Unincorporated community in Texas, US

Forest Heights is an unincorporated community and census designated place (CDP) in Orange County, Texas, United States. It is located immediately east of State Highway 87 in northeastern Orange County, approximately five miles north of Little Cypress and eight miles north of Orange. As of the 2020 census, Forest Heights had a population of 1,329. Forest Heights is part of the Beaumont-Port Arthur Metropolitan Statistical Area.

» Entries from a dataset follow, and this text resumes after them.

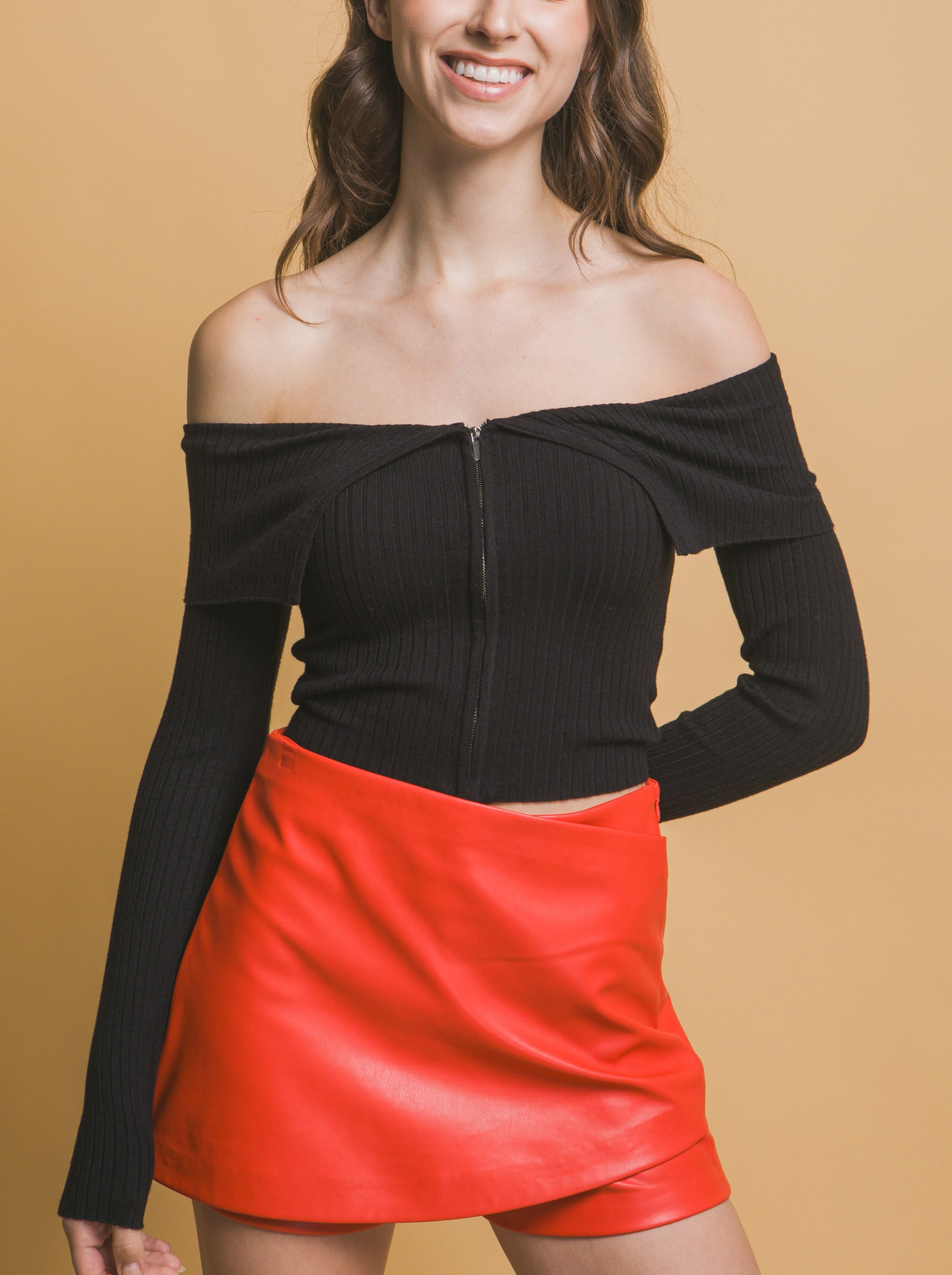Blusa Bardot Manga Larga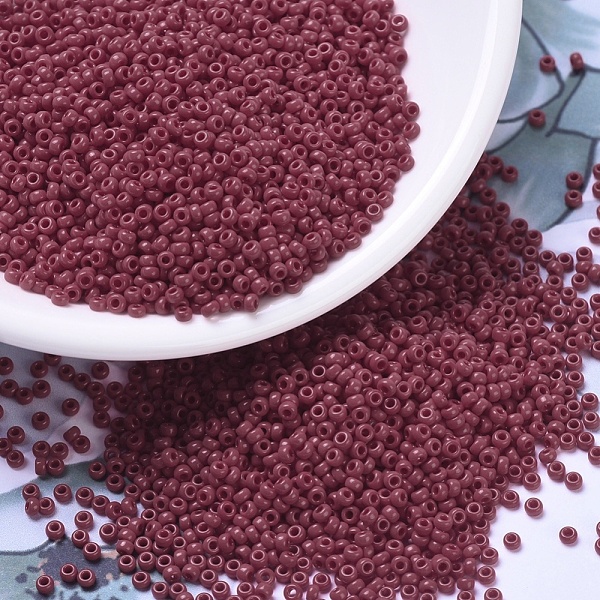 

PandaHall MIYUKI Round Rocailles Beads, Japanese Seed Beads, 11/0, (RR408D) Opaque Dark Red, 11/0, 2x1.3mm, Hole: 0.8mm, about 5500pcs/50g...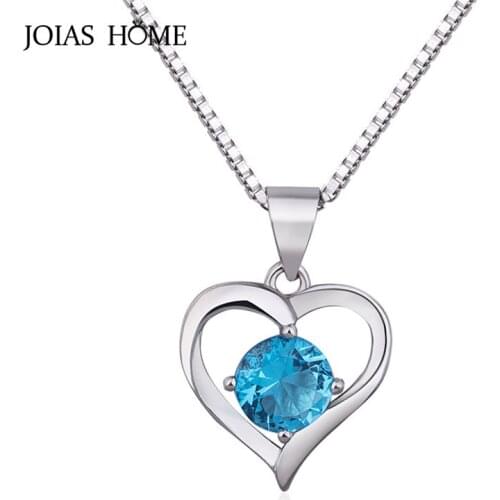 JoiasHome Fashion Classic Silver 925 Jewelry Gemstones Necklace for Women Aquamarine Heart shaped Pendant Dating Gift Wholesale
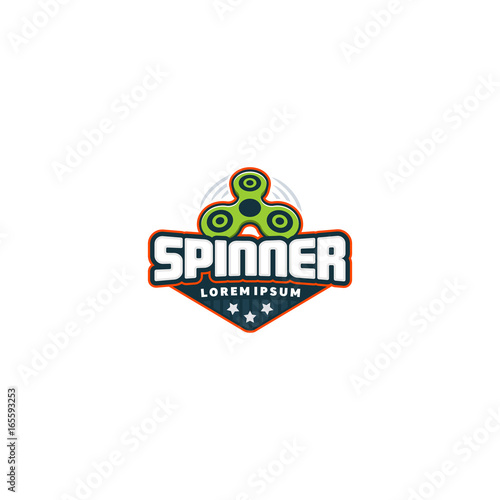 Hand spinner logo. Fidget spinner badge. Vector illustration.
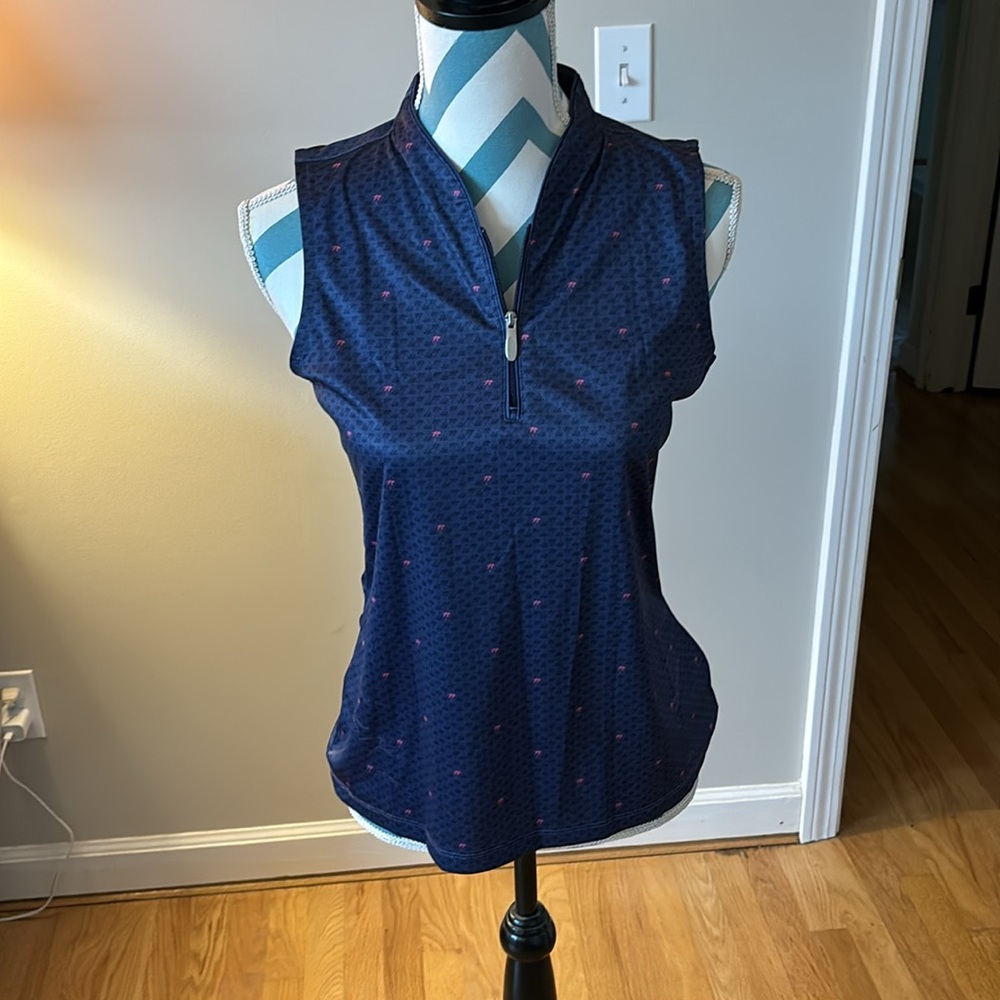 Greg Norman mock neck sleeveless golf shirt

Public education in the community is provided by the Little Cypress-Mauriceville Consolidated Independent School District.
==Demographics==

Forest Heights first appeared as a census designated place in the 2020 U.S. census.

Historical population
| Census | Pop. | Note | %± |
| 2020 | 1,329 |  | — |
U.S. Decennial Census 1850–1900 1910 1920 1930 1940 1950 1960 1970 1980 1990 2000 2010 2020

===2020 Census===

Forest Heights CDP, Texas – Racial and ethnic composition Note: the US Census treats Hispanic/Latino as an ethnic category. This table excludes Latinos from the racial categories and assigns them to a separate category. Hispanics/Latinos may be of any race.
| Race / Ethnicity (NH = Non-Hispanic) | Pop 2020 | % 2020 |
|---|---|---|
| White alone (NH) | 1,153 | 86.76% |
| Black or African American alone (NH) | 9 | 0.68% |
| Native American or Alaska Native alone (NH) | 13 | 0.98% |
| Asian alone (NH) | 5 | 0.38% |
| Native Hawaiian or Pacific Islander alone (NH) | 0 | 0.00% |
| Other race alone (NH) | 4 | 0.30% |
| Mixed race or Multiracial (NH) | 64 | 4.82% |
| Hispanic or Latino (any race) | 81 | 6.09% |
| Total | 1,329 | 100.00% |

==Education==
It is in the Little Cypress-Mauriceville Consolidated Independent School District.